DeKalb alderman calls opposition to property tax freeze 'nonsense'
As a proposal to freeze property taxes in Illinois sits in limbo after the state Senate refused to consider it before the veto session ended, opponents are not shy about criticizing the bill.
SB851, sponsored by Michelle Mussman (D-Schaumburg), would freeze taxes for two years in Cook, Lake, McHenry, Kane, DuPage and Will counties, according to a memo from Township Officials of Illinois Executive Director Bryan Smith, whose group opposes the measure.
All other counties would be subject to referendums asking whether a property tax freeze should be imposed for 2018 and 2019 or that all governments within a county jurisdiction be subject to a property tax freeze over that period and to the Property Tax Extension Limitation Law for levy year 2020 and the foreseeable future.

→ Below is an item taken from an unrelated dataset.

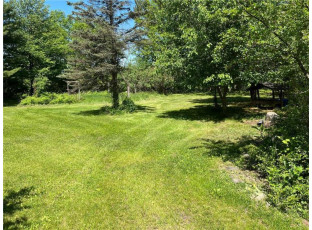 LOT 5 Eagle Point Road Menomonie, WI 54751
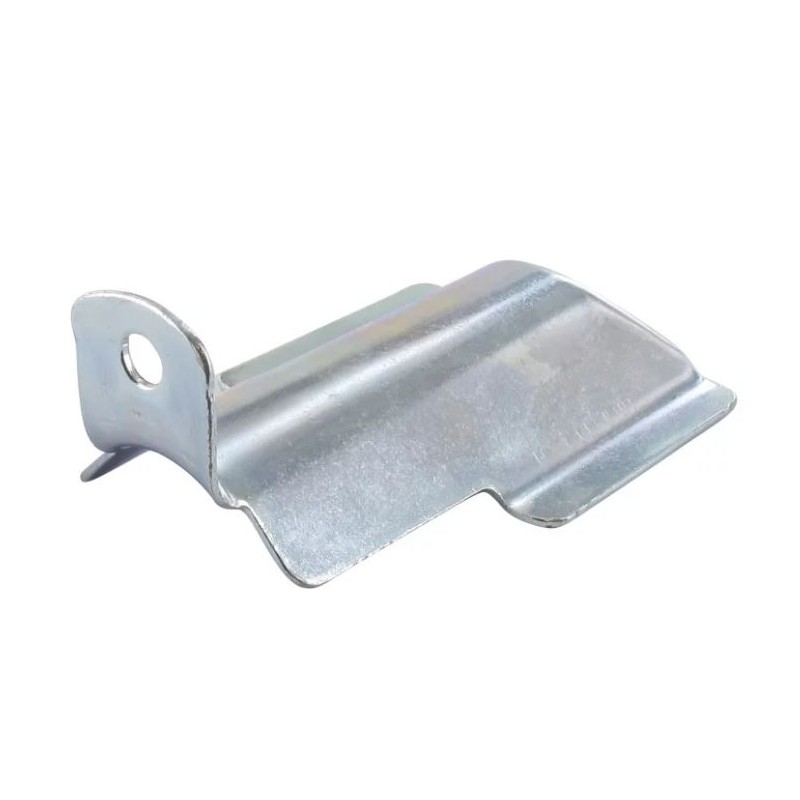 support-tracteur-tondeuse-mtd-cub-cadet-massey-ferguson-783-05497-z-783-05497-783-05497637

A report from Chicago’s CBS affiliate said some Republicans had characterized the bill as “pandering” in the wake of a 32 percent hike in the state income tax the legislature approved earlier this year. And Illinois households pay more than $8,000 annually in state and local taxes, ranking them No. 1 in the nation in terms of tax burden, according to IllinoisPolicy.org.
The problem is far deeper than political expediency, according to DeKalb 6th Ward Alderman Mike Verbic, who says the township structure should be dissolved.
In an interview with the DeKalb Times, Verbic said it was “nonsense” to oppose the property tax freeze and said the state doesn’t need townships that need to be financed through property taxes in the first place.
“Townships are largely unsustainable,” Verbic said. They “take control away from the taxpayer.”
A story in the Peoria Journal-Star quoted Gov. Bruce Rauner as selling a property tax freeze to constituents last summer. He was quoted in the story as saying, “I hear relentlessly about how difficult it is to raise a family, to make ends meet, how difficult it is to build a business in the state of Illinois with the property tax burden we’ve got.”
Although the governor might be able to score some points with voters by championing a property tax freeze, some officials say it would rob citizens of basic services.
“All property owners want property taxes lower,” said Mary Wroblewski, supervisor of Schaumburg Township in Cook County said. “Property taxes pay for schools, park districts, libraries and townships. These same property owners also want all these groups to be strong, so there needs to be a balance.”